Luckily, Steve comes in a few moments later with plates full of pancakes, shattering the tension around the table. I shove the note back into my pocket and begin to dig in, keen to get away from this breakfast table as soon as possible.

“Thank you again for all of this Mr Ryans.” Zacharia thanks him, finally putting the newspaper down, resting it on the floor beside his chair.

“Don’t worry about it, it’s my pleasure.” Steve smiles. I can’t tell if he’s lying or not. He’s like Elia in that sense, so good at calming everyone down that you forget to think about how they’re doing.

“Well, anyway, Beverly and I should be out of you hair soon enough. We’re both planning on heading to the South soon, I just want to go home, but Beverly wants to give Grace a good smack in the face.” I can’t help but laugh at the end, nearly choking on my food. The resistance had died and dispersed over this past year, and Grace took up a new leading role in the rebellium, much to Beverly’s disapproval.

“She’ll get what's coming to her...that’s for sure.” Beverly murmurs, smirking.

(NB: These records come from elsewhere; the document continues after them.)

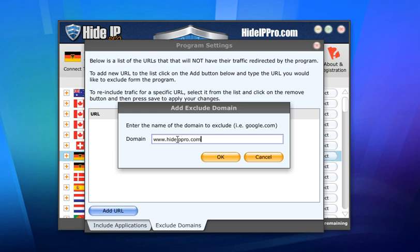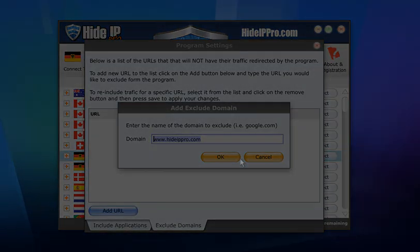Get Hide IP Pro at hideippro.com before it's too late.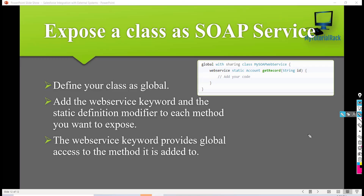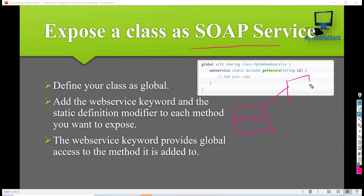Hello guys, this is the pickup from my tutorial rack.com. In this tutorial we will see how to expose a class as a SOAP service. The reason to expose a class as a SOAP service is so that an external system can call your Salesforce service and access the data.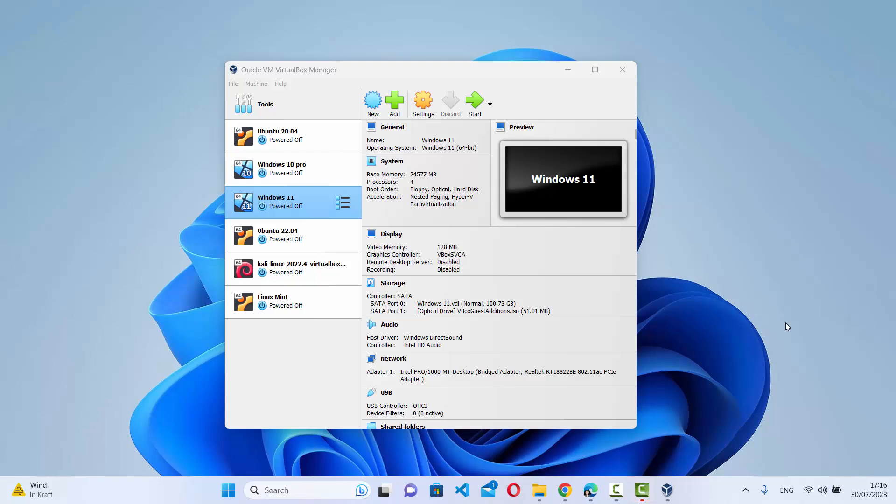In this video I'm going to show you how you can install Debian on VirtualBox on your Windows operating system. Let's get started and see first how we can download the Debian ISO file and then how we can use that ISO file to install it on VirtualBox.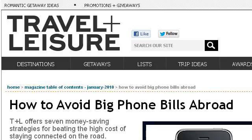The most helpful site to learn about how to find beach destinations overseas is www.travelandleisure.com. See the page titled 'How to Avoid Big Phone Bills Abroad' under Articles Travel. Here's the link.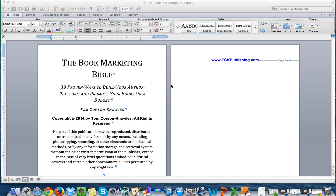Hey there, it's Tom Corson-Knowles, number one best-selling author of the Kindle Publishing Bible series and founder of TCK Publishing. In this video, I'm going to show you how to format your ebook for Kindle using Microsoft Word for Mac. So if you've got a Macintosh and you're using Microsoft Word, this video is going to show you how to format your ebook for Kindle.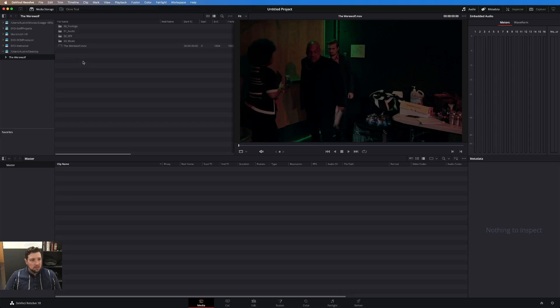I always use the media storage browser in DaVinci because if you use the Finder you risk potentially not getting all of the sidecar files or data files that your camera may generate imported with your footage.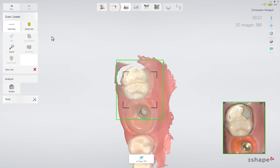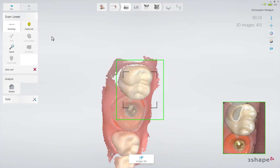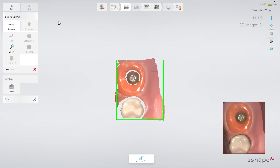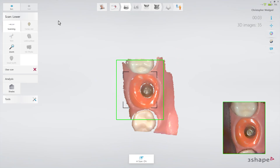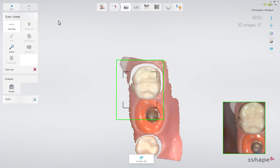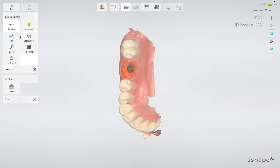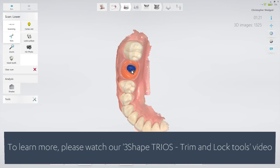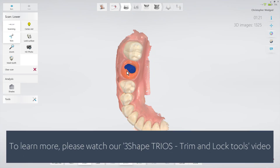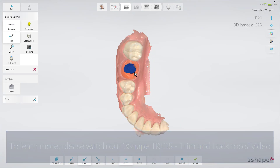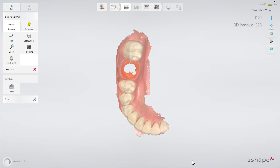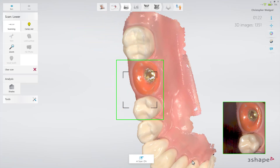Then complete the scan using the official scan strategy. The second option is to leave the healing cap in place and scan the arch following the official scan strategy. Then trim away the healing cap and its immediate surroundings in the scan with the Trim tool. Remove the healing cap, dry the area, and scan the Emergence Profile immediately before the gingiva collapses.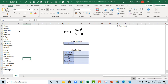Hi, welcome to this Excel video tutorial. I'm Bela David. In this video, I'm going to show you how to calculate Spearman's rank correlation coefficient in Excel with data types. So, let's get started.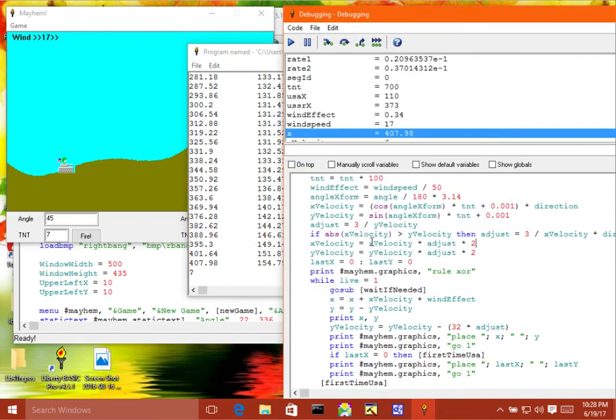Okay, so that's a quick tour of the debugger and some things that you can do to analyze the things that happen in your programs. I hope you enjoyed that. Until next time, have fun with Liberty Basic.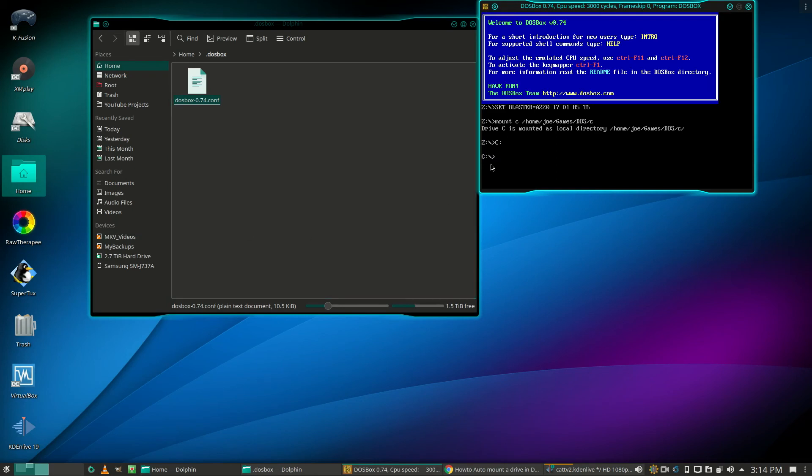You can see that DOSBox now starts with C:, and just above that you can see where it says 'Drive C is mounted as local directory' with the path you specified under autoexec.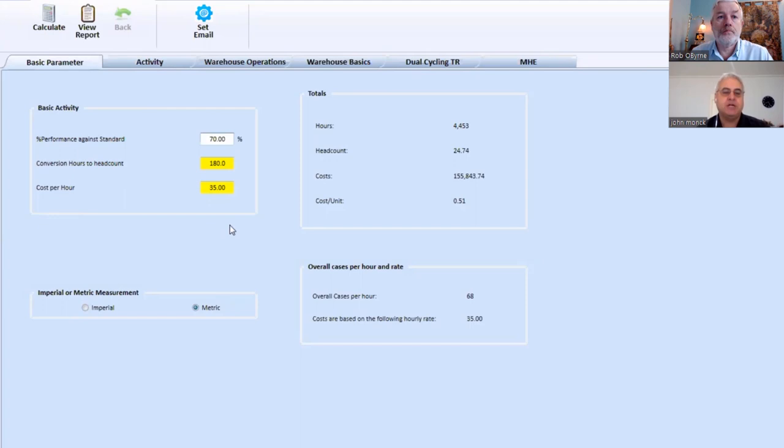For example, the mean distance between SKU would allow us to assess the value of product slotting. So again, that's one of the parameters in here we can change and we can see the impact on headcount.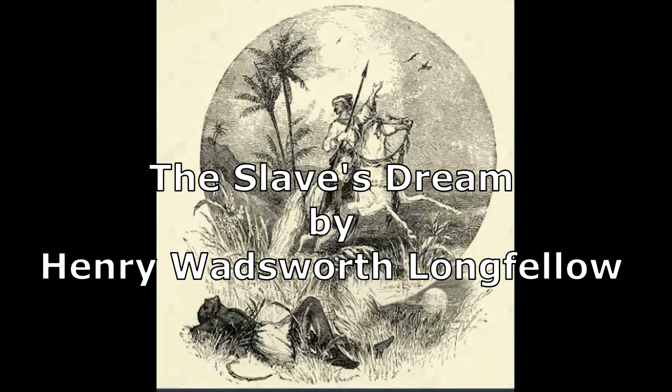Hello everyone, in this video I will be looking at the poem The Slave's Dream written by Henry Wadsworth Longfellow.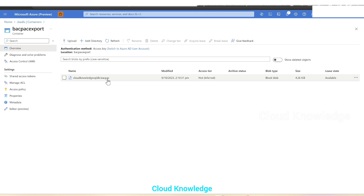So this is how we create a BACPAC or export Azure SQL DB using SQL Server Management Studio. Hope you have understood this video. Thank you for watching — do let me know in the comments if you have any queries or doubts. Happy learning, bye!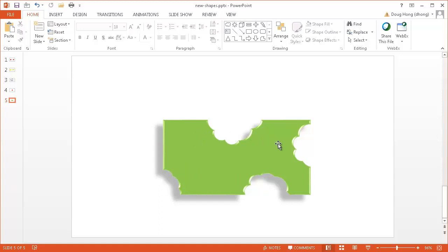So that's a pretty cool feature. I think this feature was enabled in PowerPoint 2010. I think it was under the combined shapes. It was called combined shapes. But in PowerPoint 2013, this is called merge shapes. So this is a nice little feature if you wanted to kind of make new shapes out of existing shapes. So I hope that helps. Thanks for watching.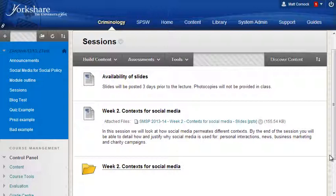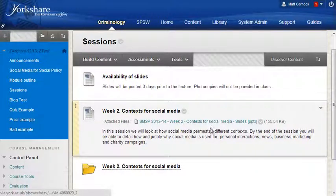Numbering is also useful for students using screen magnifiers, where only a small portion of the screen is visible at once, making it hard to relate different parts. And of course it's useful for everyone to find out where they are in the module — in week six, for example, they can relate previous material to the next week and see how it progresses. So do number your content; weeks are the recommended way, as sessions can be confusing.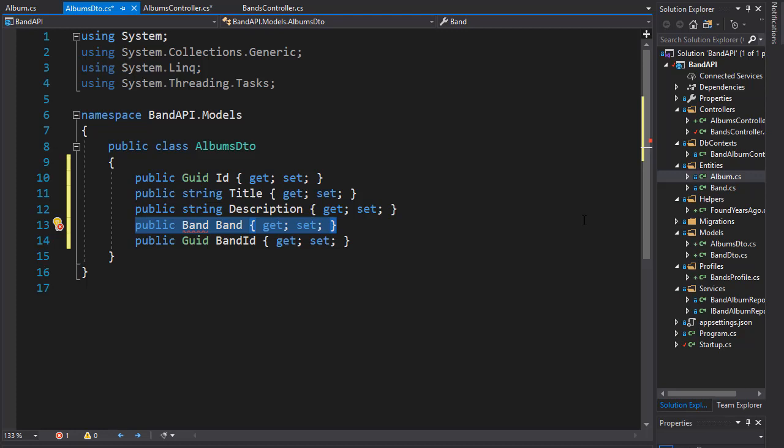Again, nothing technically wrong with it, but it's just redundant. We already know what band each album belongs to. But like I said, we still need to add the band ID to keep the relationship between band and album, but without the redundant properties of the band.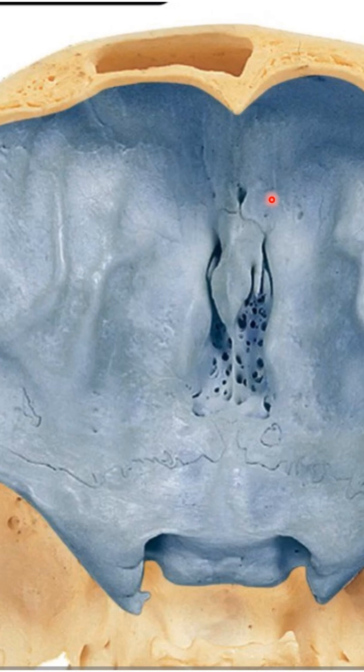This foramen transmits the emissary vein. You can also see these depressions here, which are caused by impressions from the cerebral sulci and gyri.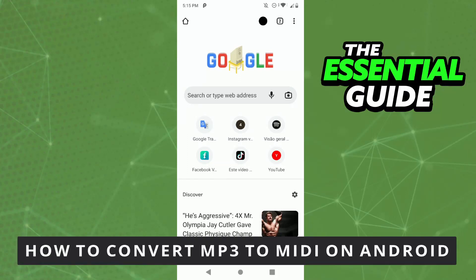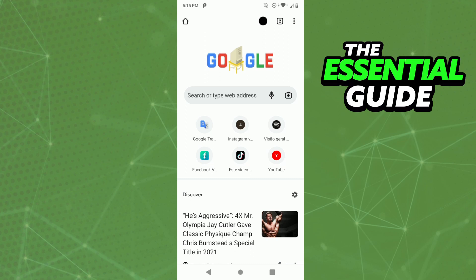Hello everybody, how's it going? Today I will teach you how to convert MP3 to MIDI on Android. The first thing you need to do is open your browser on your cell phone. You can do this on Android, iPhone, or on your computer, so don't worry about that.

“Yes, well, hopefully they all will.” Steve says. The smile on his face dies shortly after, the second meaning to his words hitting and sinking in, dragging the mood of the table done with it.

Suddenly, we’re all reminded of today’s date.

March 29th.

The anniversary of Elia’s death.

“Yes, they will.” Beverly breaks the silence, her tone as firm as the stone-like stare in her eyes.

“Max and Elia died fighting, they died believing, they died with hope...good on them for that,” Zacharia nods, raising his glass up towards the centre of the table, “To Max and Elia.”

“Max and Elia.”

“Max and Elia.”

“Max and Elia.” I echo, bringing the cold class to my lips and forcing myself to drink.